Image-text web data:
== == ==

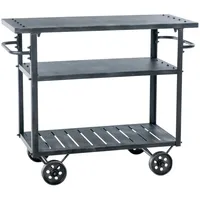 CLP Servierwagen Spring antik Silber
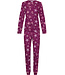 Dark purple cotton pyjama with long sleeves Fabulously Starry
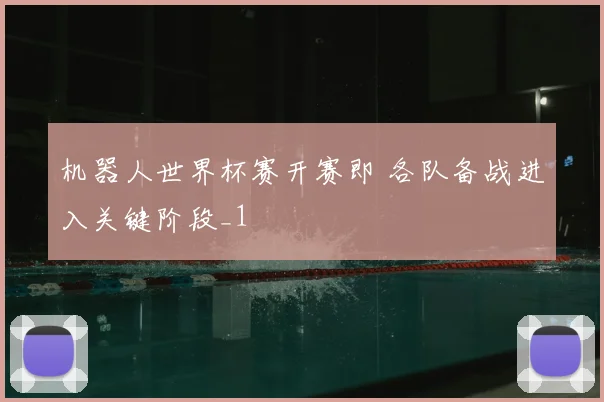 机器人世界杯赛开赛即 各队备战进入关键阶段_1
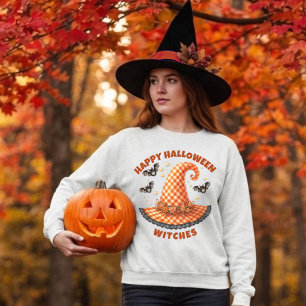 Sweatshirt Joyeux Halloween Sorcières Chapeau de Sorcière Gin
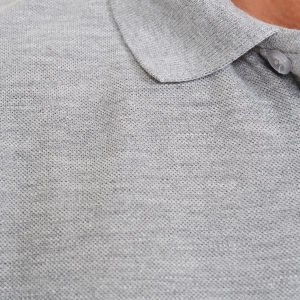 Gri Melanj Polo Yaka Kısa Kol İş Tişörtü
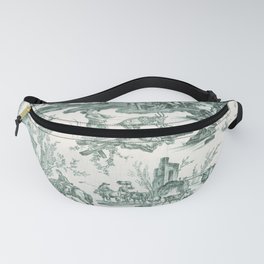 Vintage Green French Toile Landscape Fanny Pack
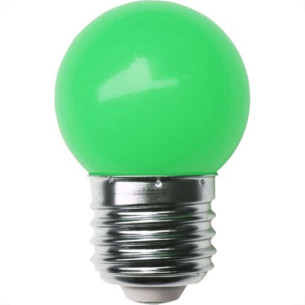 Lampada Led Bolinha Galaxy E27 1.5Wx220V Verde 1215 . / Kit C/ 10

== == ==

Task details: Needed here is only the span from the line with "Sweatshirt Joyeux Halloween" through the last line of the entries, copied exactly with both ends and without pictures.

Answer to this problem:
 Sweatshirt Joyeux Halloween Sorcières Chapeau de Sorcière Gin
 Gri Melanj Polo Yaka Kısa Kol İş Tişörtü
 Vintage Green French Toile Landscape Fanny Pack
 Lampada Led Bolinha Galaxy E27 1.5Wx220V Verde 1215 . / Kit C/ 10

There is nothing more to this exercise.